Le procès intenté contre l’ancien vice-président congolais et chef de guerre s’est ouvert le 22 novembre 2010 devant la CPI. A l’ouverture de l’audience, l’accusé a salué ses partisans et sa femme, présents dans la galerie du public. Jean-Pierre Bemba a ensuite plaidé « non coupable » des crimes contre l’humanité et crimes de guerre dont l’accuse le procureur.
Présent à l’ouverture du procès, le procureur Luis Moreno Ocampo a rappelé les charges, en insistant sur les viols commis par les soldats du Mouvement pour la Libération du Congo (MLC) en Centrafrique, en 2002 et 2003. « Les femmes et les filles ont été violées, quel que soit leur âge (…) Des viols commis en public, sous le regard de leurs familles», a-t-il précisé.
Les soldats de Jean-Pierre Bemba avait été appelés par Ange-Félix Patassé en octobre 2002, pour renforcer son armée, confrontée à la rébellion conduite par le général François Bozizé, aujourd’hui au pouvoir.
L’accusation poursuit le président du Mouvement pour la Libération du Congo (MLC) en qualité de supérieur hiérarchique. Jean-Pierre Bemba n’était pas sur la ligne de front, il n’a pas ordonné les crimes, mais il aurait du empêcher et punir ses soldats, a déclaré en substance le procureur.
Jean-Pierre Bemba a aussi « institutionnalisé le pillage ». « Les biens pillés par les soldats, non payés, étaient ensuite transportés au Congo, a-t-il précisé, les civils qui résistaient aux viols et au pillage étaient tués ».
Selon le substitut, Petra Kneuer, « il n’a pas puni ces crimes, parce qu’ils répondaient à ses objectifs ». Après la mort du maréchal Mobutu et l’arrivée au pouvoir de Laurent-Désiré Kabila à la tête de la République démocratique du Congo (RDC), Jean-Pierre Bemba s’était engagé dans la lutte armée et avait créé, en 1998, le Mouvement pour la libération du Congo, considéré aujourd’hui comme l’un des principaux partis d’opposition à Kinshasa.

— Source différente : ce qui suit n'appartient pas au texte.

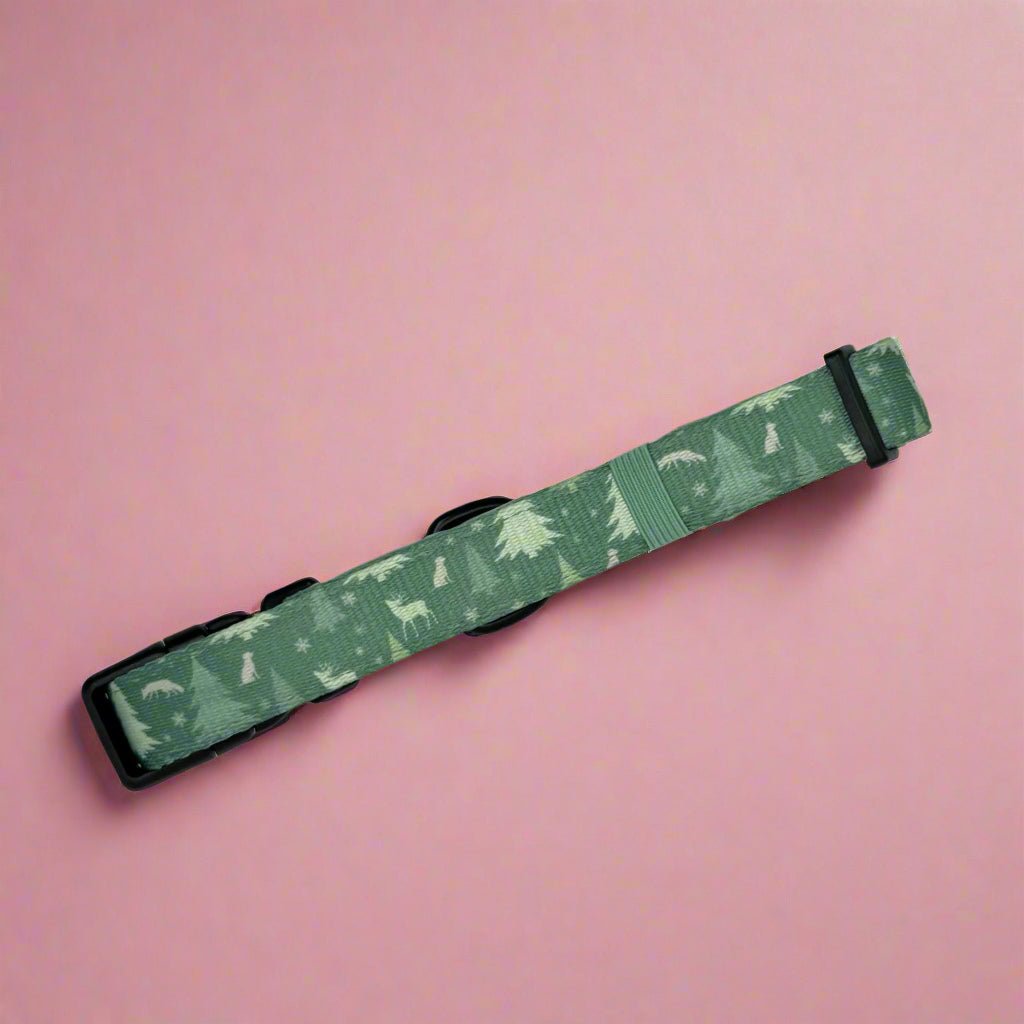 Evergreen Trails Dog Collar – Forest Green Nature Print | PupClub Couture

Pour le procureur, « Jean-Pierre Bemba avait besoin d’alliés en Centrafrique » et le président Ange-Félix Patassé comptait parmi ceux là.
Après le procureur, les deux représentants des victimes ont pris la parole. Maitre Marie Edith Douzima-Lawson (notre photo) a affirmé que « les attentes sont grandes pour ces victimes, atteintes dans leur chair ». De nouvelles victimes ont été admises et pourront elles aussi être représentées dans cette affaire. Elles sont aujourd’hui 759. Cette présence leur donne le droit d’intervenir dans le procès, dans des conditions définies par les juges. Elles ne peuvent, par exemple, pas conduire de témoin à la barre, mais elles peuvent en revanche plaider leur cause.
Si Jean-Pierre Bemba devait être condamné au terme de ce procès, qui devrait durer plus d’un an, elles auront aussi la possibilité de demander des réparations.
L’avocat principal de l’accusé, maître Nkwebe Liriss, a refusé de « répondre aux victimes », a-t-il déclaré dès le début de sa plaidoirie, « parce que je ne réponds pas sur la base d’émotions mais je réponds sur la base de preuves ». L’avocat du Barreau de Kinshasa a ensuite rejeté les accusations sur d’autres, plus responsables à ses yeux et reproché au procureur de ne présenter qu’un seul homme dans le box des accusés. « Plusieurs autres commandant centrafricains ne sont pas là, c’est pourtant eux qui ont conduit cette guerre » a-t-il déclaré, tandis que Jean-Pierre Bemba se trouvait « à plus de 2000 kilomètres des combats ».